One woman's obsession with family history.

Lifebuoy soap (though not invented by them) was promoted by the Lever Brothers in England in 1895. It was propelled into the advertising world with ads claiming that it would save you from illness and protect you from germs (hence the name) due to its antiseptic nature. Early ads focused on the fact that it was carbolic (it contained carbolic acid) and would keep you healthy but later ads simply stated that it contained a “special health ingredient” that would protect you from the perils of illness as well as body odour. It is the latter claim which provides us with very amusing ads, mostly from the 1940s. Incidentally, Lifebuoy used the acronym ‘BO’ instead of the words ‘body odour’ and, it is believed, it was their ads which resulted in BO becoming a commonly used term.

While most of the ads appear to be targeted towards women, I have since found that men were not completely excluded.
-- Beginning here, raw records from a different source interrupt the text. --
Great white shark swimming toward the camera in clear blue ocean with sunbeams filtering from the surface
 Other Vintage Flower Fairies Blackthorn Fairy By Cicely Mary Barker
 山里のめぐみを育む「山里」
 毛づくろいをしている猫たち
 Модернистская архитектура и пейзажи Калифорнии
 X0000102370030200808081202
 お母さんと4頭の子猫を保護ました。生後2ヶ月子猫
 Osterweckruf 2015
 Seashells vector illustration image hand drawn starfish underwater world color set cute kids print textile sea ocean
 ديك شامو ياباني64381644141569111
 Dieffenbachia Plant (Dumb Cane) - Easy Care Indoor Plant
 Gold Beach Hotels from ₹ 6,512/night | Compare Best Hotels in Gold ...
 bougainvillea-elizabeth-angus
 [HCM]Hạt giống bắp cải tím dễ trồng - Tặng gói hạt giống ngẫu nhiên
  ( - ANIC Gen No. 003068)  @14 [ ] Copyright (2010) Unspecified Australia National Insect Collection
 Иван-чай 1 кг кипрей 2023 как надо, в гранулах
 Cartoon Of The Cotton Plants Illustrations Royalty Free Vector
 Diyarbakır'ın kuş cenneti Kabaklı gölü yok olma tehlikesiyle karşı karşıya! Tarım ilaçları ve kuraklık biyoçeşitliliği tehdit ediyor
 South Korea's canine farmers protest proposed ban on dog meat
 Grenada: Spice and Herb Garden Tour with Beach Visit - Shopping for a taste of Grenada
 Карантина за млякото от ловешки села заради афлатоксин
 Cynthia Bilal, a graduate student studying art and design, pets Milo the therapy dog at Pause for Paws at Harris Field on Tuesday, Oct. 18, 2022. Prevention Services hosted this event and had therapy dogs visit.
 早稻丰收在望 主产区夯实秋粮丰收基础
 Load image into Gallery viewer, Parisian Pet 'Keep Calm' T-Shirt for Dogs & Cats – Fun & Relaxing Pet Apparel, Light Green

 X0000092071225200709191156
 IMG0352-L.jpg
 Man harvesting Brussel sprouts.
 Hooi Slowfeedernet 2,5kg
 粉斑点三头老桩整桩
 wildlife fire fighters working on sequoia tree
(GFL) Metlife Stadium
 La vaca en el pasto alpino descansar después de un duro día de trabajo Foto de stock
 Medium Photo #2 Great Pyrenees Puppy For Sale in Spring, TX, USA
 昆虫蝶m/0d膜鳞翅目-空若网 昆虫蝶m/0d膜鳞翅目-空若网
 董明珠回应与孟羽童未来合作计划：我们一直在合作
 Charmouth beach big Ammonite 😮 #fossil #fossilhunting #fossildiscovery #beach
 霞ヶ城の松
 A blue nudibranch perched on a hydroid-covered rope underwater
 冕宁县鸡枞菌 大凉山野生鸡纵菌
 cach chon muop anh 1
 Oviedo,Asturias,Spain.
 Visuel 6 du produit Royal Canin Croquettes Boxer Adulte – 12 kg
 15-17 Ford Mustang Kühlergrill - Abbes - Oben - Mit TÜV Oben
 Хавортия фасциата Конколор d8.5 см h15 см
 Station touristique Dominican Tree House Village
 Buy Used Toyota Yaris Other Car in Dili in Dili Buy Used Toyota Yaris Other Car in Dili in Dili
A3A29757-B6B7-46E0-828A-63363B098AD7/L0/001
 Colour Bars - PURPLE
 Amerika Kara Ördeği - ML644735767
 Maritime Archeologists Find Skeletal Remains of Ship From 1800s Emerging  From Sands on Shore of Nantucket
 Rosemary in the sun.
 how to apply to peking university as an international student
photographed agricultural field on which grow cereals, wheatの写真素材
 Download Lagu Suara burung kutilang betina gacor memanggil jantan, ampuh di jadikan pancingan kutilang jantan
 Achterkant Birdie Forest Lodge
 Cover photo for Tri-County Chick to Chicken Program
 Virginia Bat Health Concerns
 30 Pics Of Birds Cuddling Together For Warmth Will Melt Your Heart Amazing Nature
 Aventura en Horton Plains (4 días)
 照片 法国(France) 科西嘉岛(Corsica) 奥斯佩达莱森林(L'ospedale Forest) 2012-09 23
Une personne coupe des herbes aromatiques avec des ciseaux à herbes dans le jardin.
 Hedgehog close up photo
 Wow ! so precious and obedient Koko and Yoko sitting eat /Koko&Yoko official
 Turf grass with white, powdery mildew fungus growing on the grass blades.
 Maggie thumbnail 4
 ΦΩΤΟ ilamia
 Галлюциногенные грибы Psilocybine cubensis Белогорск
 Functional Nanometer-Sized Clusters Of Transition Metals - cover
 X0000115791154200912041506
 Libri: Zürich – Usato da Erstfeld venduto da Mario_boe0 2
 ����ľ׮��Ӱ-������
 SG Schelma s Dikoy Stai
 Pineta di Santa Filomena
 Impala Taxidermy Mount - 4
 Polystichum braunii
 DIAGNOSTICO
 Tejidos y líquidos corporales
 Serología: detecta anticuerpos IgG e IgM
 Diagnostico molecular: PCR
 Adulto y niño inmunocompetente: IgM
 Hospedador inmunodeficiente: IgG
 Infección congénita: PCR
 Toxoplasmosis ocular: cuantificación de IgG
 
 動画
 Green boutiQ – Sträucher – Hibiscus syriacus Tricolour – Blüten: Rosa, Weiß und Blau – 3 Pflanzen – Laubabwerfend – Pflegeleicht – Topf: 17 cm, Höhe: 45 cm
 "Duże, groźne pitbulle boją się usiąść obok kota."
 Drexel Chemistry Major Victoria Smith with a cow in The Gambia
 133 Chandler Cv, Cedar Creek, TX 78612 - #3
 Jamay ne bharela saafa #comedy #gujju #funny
All kinds of storylines were used in Lifebuoy’s “comics” in order to incite fear and play on a person’s insecurities. If people were snubbing you, excluding you or didn’t want to date you it was because (according to Lifebuoy) you probably had BO.

Wondering why no one wants to go to the dance with you?

Lifebuoy, Advocate, 20 November 1945, Pg 6

Is there a reason you’re not married yet and, by golly, you’re 32!?

Lifebuoy, Canberra Times, 11 June 1941, Pg 2

Do people think you’re not as dainty as you used to be?

Lifebuoy, Recorder, 4 June 1945, Pg 4

Feeling a little hot under the collar because the chaps are snubbing you?

Lifebuoy, Recorder, 20 January 1941, Pg 3

Does your fiancé continue to put the wedding off?

Lifebuoy, Women's Weekly, 26 July 1947, Pg 22

Perhaps there’s another reason why your guests aren’t showing up…

Lifebuoy, Women's Weekly, 29 November 1941, Pg 15

When dancing is skipped there simply must be a reason…

Lifebuoy, Women's Weekly, 9 March 1946, Pg 47

The cake of Lifebuoy soap was coloured red and though I can’t be completely sure, I don’t believe it was ever used by my family (I certainly don’t remember red soap – we tended to use Imperial Leather). It’s possible however that my youth is against me because, to be honest, I don’t really recall the Lifebuoy brand at all.

I’d love to read about your memories though. Do you remember red Lifebuoy soap or the brand itself? Are there any other ads that left such a lasting impression that you still remember them?



8 thoughts on “Lifebuoy Soap Advertising

  1. njsresearch6 says:

    A great story Jess and you continue to inspire us to be more than just amateur family historians. I do remember Lifebouy soap but not red, more a pale pink. I have a few years on you,and in my day Imperial Leather was always sort of upper class, a more trendy product.

    1. Jess says:

      Thanks Neville! Your comment made me smile. I never would’ve thought Imperial Leather was trendy or upper class. hehe Mum would buy it in a large pack and it would sit in her cupboard under the sink. Whenever it was her birthday or Mother’s Day my brother and I would sneak into her room unwrap a soap or two and wrap it up in different paper and give it to her as a present. She was always thrilled, which amuses me now. We were giving her something she’d already bought. haha 🙂

  2. GeniAus says:

    I also have memories of Lifebuoy but it wasn’t used in our famly, we were a green palmolive mob.

    1. Jess says:

      I can remember green Palmolive soap too. Thanks for stopping by and leaving a comment. 🙂

      1. Par Kelsey says:

        Still have Palmolive here. I get it at Dollar Tree.

  3. lbeth1950 says:

    Loved seeing these. Thanks.

    1. Jess says:

      You’re welcome. Glad you liked them. 🙂

  4. Par Kelsey says:

    I heard (on old time radio) that there are 13 areas on the body where one perspires. I never localized it, but what, exactly, are the 13 areas?